JAKARTA, WARTAPEMERIKSA – Badan Pemeriksa Keuangan (BPK) menggunakan pendekatan risiko atau risk based audit dalam melakukan pemeriksaan laporan keuangan (LK) tahun anggaran 2020.
Melalui pendekatan tersebut, pemeriksa akan melakukan penilaian dan pengujian secara mendalam pada akun-akun berisiko tinggi agar diperoleh keyakinan yang memadai dalam penentuan opini mengenai kewajaran penyajian laporan keuangan.

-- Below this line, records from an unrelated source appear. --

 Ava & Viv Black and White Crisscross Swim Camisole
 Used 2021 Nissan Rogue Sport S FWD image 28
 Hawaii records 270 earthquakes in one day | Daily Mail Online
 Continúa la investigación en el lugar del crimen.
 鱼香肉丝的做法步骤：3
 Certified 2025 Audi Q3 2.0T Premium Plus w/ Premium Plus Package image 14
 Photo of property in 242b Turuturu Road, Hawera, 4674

Pemeriksaan dengan pendekatan berbasis risiko telah disampaikan para pimpinan BPK dalam kegiatan entry meeting dengan para entitas. Ketua BPK Agung Firman Sampurna juga telah menekankan hal tersebut kepada para pemeriksa BPK dalam kegiatan workshop pemeriksaan atas Laporan Keuangan Pemerintah Pusat (LKPP), Laporan Keuangan Kementerian Lembaga (LKKL), dan Laporan Keuangan Bendahara Umum Negara (LKBUN) pada awal Januari 2021.

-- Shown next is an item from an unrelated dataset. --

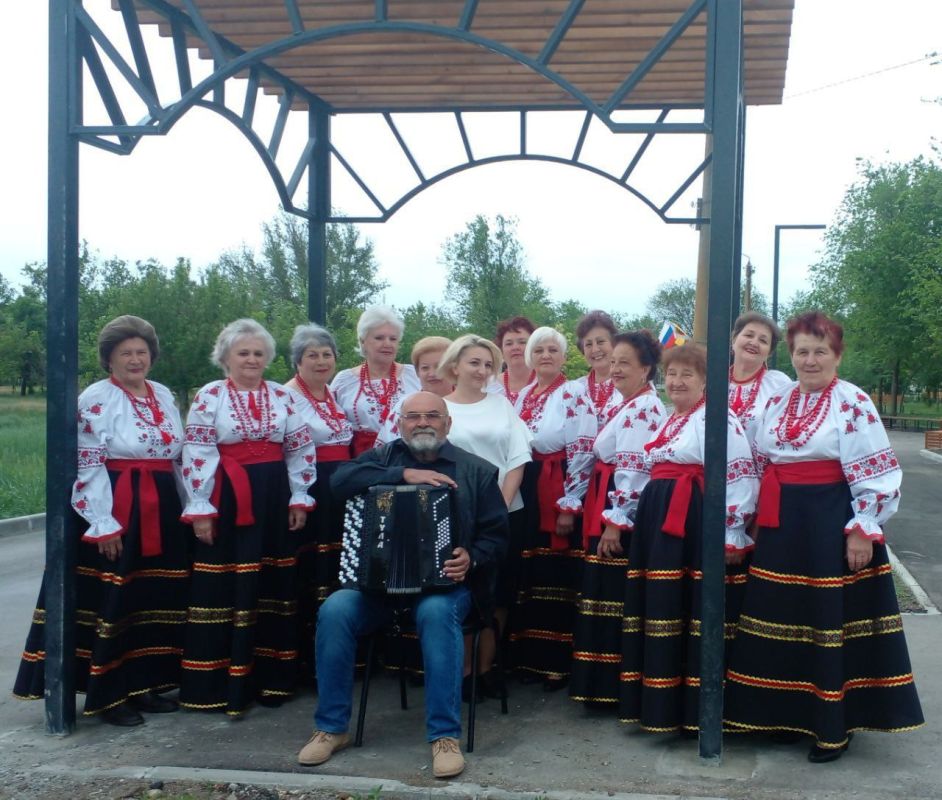    &quot;&quot;    &quot; &quot;      &quot;   &quot;    :  &quot; &quot;...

Ketua BPK dalam kesempatan tersebut meminta para pemeriksa melakukan identifikasi risiko secara mendalam atas setiap kebijakan yang diambil pemerintah dalam rangka menangani pandemi Covid-19. Ketua BPK mengatakan, identifikasi dilakukan baik terhadap risiko dalam penyajian LKPP, LKKL, LKBUN, maupun risiko kecurangan yang mungkin terjadi dalam pelaksanaan masing-masing kebijakan.
“Tim pemeriksa BPK perlu mengembangkan strategi dan prosedur pemeriksaan yang cukup atas setiap risiko yang teridentifikasi, termasuk dengan mengoptimalkan teknologi informasi dalam proses pemeriksaan,” ungkap Ketua BPK dalam pengarahannya kala itu.
Tim pemeriksa BPK perlu mengembangkan strategi dan prosedur pemeriksaan yang cukup atas setiap risiko yang teridentifikasi, termasuk dengan mengoptimalkan teknologi informasi dalam proses pemeriksaan.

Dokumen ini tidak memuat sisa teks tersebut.